Make sure to have the up to date dash
dependencies by running pip install --upgrade skorecard[dashboard]
.
from skorecard.datasets import load_uci_credit_card
from skorecard.bucketers import DecisionTreeBucketer
X, y = load_uci_credit_card(return_X_y=True)
bucketer = DecisionTreeBucketer(max_n_bins=10)
# bucketer.fit_interactive(X, y) # not run
This should look like:
This also works for categorical features:
from skorecard.bucketers import OrdinalCategoricalBucketer
import random
pets = ["no pets"] * 3000 + ["cat lover"] * 1500 + ["dog lover"] * 1000 + ["rabbit"] * 498 + ["gold fish"] * 2
random.Random(42).shuffle(pets)
X["pet_ownership"] = pets
bucketer = OrdinalCategoricalBucketer(variables=["pet_ownership"])
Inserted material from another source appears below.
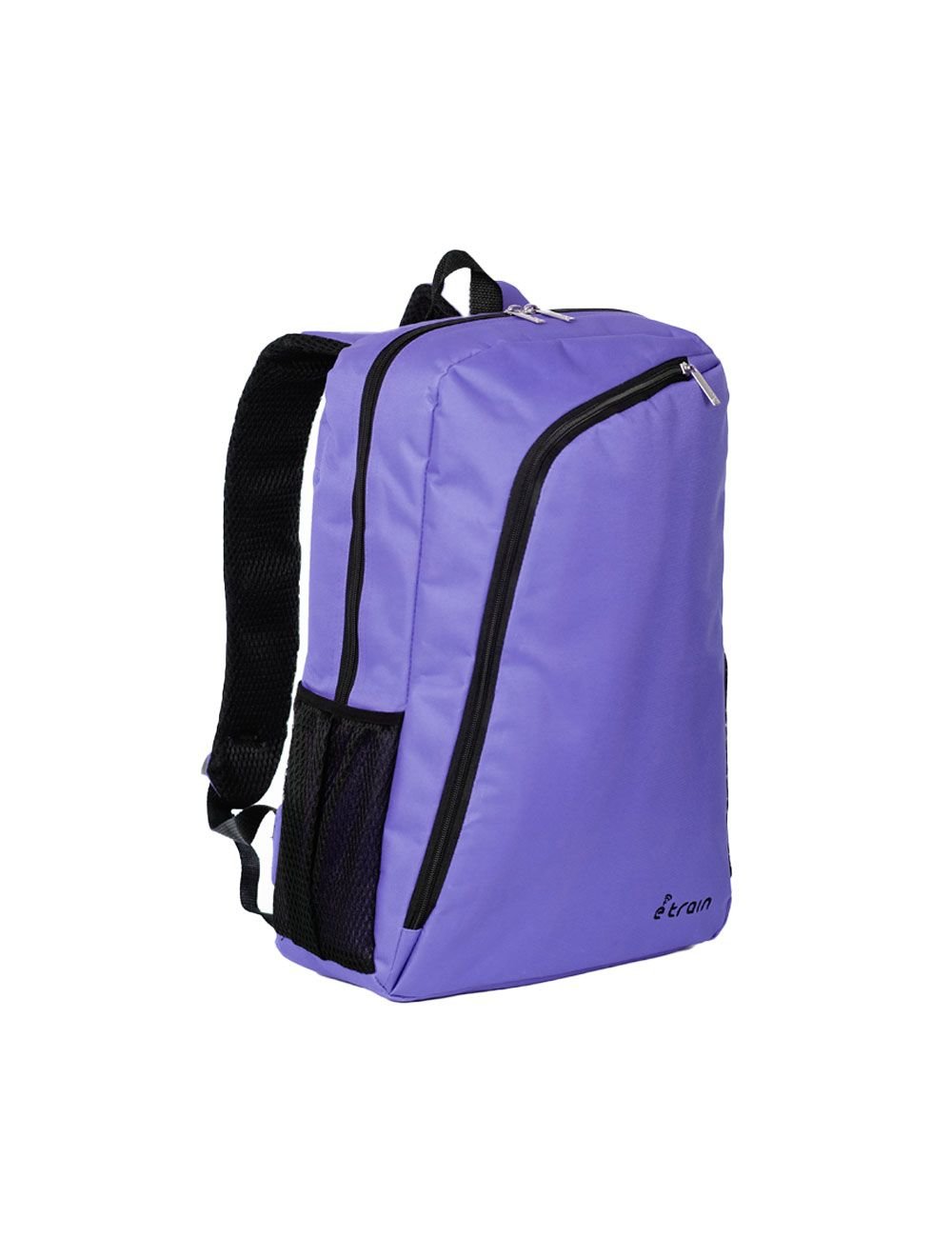 اي ترين (BG02U) شنطة ظهر تصل الي 15.6 بوصة - بنفسجي-E-train (BG02U) Backpack Bag Fit Up to 15.6" - Purple - الصورة 2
# bucketer.fit_interactive(X, y) # not run
Which should look like:
Pipelines¶
You can also run .fit_interactive()
on a pipeline of bucketers. You'll need to convert to a SkorecardPipeline
in order to have access to the method:
from skorecard.bucketers import OrdinalCategoricalBucketer
from skorecard.pipeline import to_skorecard_pipeline
from sklearn.pipeline import make_pipeline
pipe = make_pipeline(
OrdinalCategoricalBucketer(variables=["EDUCATION", "MARRIAGE"]),
DecisionTreeBucketer(max_n_bins=10, variables=["LIMIT_BAL", "BILL_AMT1"]),
)
# Make this a skorecard pipeline, which adds some convenience methods
pipe = to_skorecard_pipeline(pipe)
# pipe.fit_interactive(X, y) # not run
BucketingProcess and Skorecard models¶
Interactively setting pre-bucketing and bucketing per column is also possible on BucketingProcess
and Skorecard
models
from skorecard import Skorecard
from skorecard.datasets import load_uci_credit_card
model = Skorecard(variables=["EDUCATION", "MARRIAGE", "LIMIT_BAL", "BILL_AMT1"])
# model.fit_interactive(X, y) # not run